Let's call R the riskless security (100 today, 120 at time T).
And call S the stock = 50, and either 70 or 30 at time T.
One way to look at it is:
A] Consider: buy 2 call options (C), short the stock (S), invest 50 (proceeds from S) in R. At time T:
S=70: 2C=40, buy back S=-70, proceeds from R=60. net: 30
S=30: 2C=0, buy back S=-30, proceeds from R=60. net: 30
The value of the portfolio today must be the same as the value of the portfolio at time T, so the value of the 2 calls today must be worth the same as 30 at time T. Now, we can invest $\frac{30}{120}=\frac{1}{4}$ of R (100) today =(~\$25) which will be worth \$30 at time T. Thus each call today is worth \$25 / 2 ~= 12.5.

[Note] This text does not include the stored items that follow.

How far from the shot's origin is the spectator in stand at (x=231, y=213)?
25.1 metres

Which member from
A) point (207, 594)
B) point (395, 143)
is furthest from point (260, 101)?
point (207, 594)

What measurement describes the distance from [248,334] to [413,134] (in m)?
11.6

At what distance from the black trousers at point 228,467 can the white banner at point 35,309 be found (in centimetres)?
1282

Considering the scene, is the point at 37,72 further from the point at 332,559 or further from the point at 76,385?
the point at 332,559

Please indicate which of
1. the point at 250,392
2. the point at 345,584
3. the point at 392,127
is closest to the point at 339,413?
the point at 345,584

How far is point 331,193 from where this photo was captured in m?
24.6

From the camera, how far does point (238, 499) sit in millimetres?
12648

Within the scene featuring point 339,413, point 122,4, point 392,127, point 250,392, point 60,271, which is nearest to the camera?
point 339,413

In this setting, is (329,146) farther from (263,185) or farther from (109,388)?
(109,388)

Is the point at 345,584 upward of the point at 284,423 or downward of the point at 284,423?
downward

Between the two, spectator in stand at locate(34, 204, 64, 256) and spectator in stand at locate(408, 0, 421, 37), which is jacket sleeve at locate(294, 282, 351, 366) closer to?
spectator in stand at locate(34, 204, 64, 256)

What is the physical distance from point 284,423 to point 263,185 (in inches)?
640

[Edit note: Thanks RF - helped me realise the error]
(Note: if the calls were cheaper we could make money by buying the above portfolio, or if they were more expensive we could sell calls and buy the stock, either way for more profit than the riskless security)
B] Also consider: buy the stock and 2 puts. Cost is 50 + 2xP. At time T:
S=30: 30+2x20=70; or
S=70: 70+2x0 =70
This is the same as if 58.33 is invested in R, as it will be worth .5833*120=70 at time T. As today's value of the portfolio must be also be 58.33, P must cost ~4.167
C] To have 120 at time T, you must start with 100, and either:
1. buy $\frac{120}{70}$ stock (cost=85.72) and $2\times\frac{120}{70}$ puts (cost=14.28).
OR
2. buy 8 call options, short 4 stock, invest S*4 in R. 8 call options @12.5 will cost 100.
OR
3. As RF pointed out, buy 2.4xS=120, buy 2.4xP=10, sell 2.4 calls at 12.5=30, for a cost of 100.
Either way, all portfolios will be worth 120 at time T, irrespective of what happens to S, just as if you had invested 100 in R.